Are compound literals Standard C++?

随声附和 提交于 2019-11-27 04:48:50

This is an extension that both gcc and clang support. The gcc document says:

As an extension, GCC supports compound literals in C90 mode and in C++, though the semantics are somewhat different in C++.

if you build with -pedantic you should receive a warning, for example clang says (see it live):

warning: compound literals are a C99-specific feature [-Wc99-extensions]

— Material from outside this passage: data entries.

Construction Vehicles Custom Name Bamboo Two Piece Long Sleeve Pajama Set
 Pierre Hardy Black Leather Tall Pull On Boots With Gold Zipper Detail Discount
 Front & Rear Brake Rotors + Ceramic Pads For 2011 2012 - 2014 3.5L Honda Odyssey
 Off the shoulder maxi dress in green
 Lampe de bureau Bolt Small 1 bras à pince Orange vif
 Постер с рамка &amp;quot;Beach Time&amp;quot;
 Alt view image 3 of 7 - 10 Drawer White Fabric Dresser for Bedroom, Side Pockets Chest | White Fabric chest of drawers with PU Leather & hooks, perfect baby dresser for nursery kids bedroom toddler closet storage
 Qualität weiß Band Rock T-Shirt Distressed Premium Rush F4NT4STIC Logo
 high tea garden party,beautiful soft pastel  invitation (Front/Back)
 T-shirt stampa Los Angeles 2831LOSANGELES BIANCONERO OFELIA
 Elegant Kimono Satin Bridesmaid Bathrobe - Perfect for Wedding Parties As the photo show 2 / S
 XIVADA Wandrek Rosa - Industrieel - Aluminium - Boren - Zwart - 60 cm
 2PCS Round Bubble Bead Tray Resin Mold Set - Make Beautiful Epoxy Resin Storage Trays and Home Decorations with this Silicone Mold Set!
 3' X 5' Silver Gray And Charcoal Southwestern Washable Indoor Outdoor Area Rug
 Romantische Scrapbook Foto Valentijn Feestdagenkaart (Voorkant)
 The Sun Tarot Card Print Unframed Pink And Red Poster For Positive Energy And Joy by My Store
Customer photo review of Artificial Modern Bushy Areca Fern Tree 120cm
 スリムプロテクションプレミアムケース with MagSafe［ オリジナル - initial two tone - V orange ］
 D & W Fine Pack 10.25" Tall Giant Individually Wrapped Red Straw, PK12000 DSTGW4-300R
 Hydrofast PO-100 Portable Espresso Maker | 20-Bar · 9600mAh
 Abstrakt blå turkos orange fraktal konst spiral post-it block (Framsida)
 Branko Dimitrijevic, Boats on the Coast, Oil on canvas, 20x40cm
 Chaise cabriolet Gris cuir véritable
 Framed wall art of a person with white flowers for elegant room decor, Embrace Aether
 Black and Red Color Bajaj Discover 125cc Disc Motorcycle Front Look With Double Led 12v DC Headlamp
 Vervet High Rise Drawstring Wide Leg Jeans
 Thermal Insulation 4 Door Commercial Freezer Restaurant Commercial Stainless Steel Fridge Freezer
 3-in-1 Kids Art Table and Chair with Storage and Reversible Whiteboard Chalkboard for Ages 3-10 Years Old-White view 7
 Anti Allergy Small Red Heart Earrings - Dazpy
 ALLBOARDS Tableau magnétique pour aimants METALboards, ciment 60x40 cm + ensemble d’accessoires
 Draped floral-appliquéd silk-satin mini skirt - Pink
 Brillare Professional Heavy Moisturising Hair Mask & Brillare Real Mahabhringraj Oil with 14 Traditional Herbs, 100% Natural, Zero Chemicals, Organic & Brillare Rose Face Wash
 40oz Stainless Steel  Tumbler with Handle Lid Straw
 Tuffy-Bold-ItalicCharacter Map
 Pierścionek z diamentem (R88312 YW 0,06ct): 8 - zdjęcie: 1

Note, the semantic differences in C++ are not minor and code that would be well-defined in C99 can have undefined behavior in C++ with this extension:

In C++, a compound literal designates a temporary object, which only lives until the end of its full-expression. As a result, well-defined C code that takes the address of a subobject of a compound literal can be undefined in C++.

(float[2]) {2.7, 3.1}

is a C99 compound literal. Some compilers support it in C++ as an extension.

float[2] {2.7, 3.1}

is a syntax error.

Given using arr = float[2];,

arr {2.7, 3.1}

is valid C++ that list-initializes a temporary array of two floats.

{2.7, 3.1}

is called a braced-init-list.

Finally, for your code,

for (auto i : {2.7, 3.1}) cout << i << endl;

works equally well and is perfectly valid C++ - this constructs a std::initializer_list<double> under the hood. If you really want floats, add the f suffix to the numbers.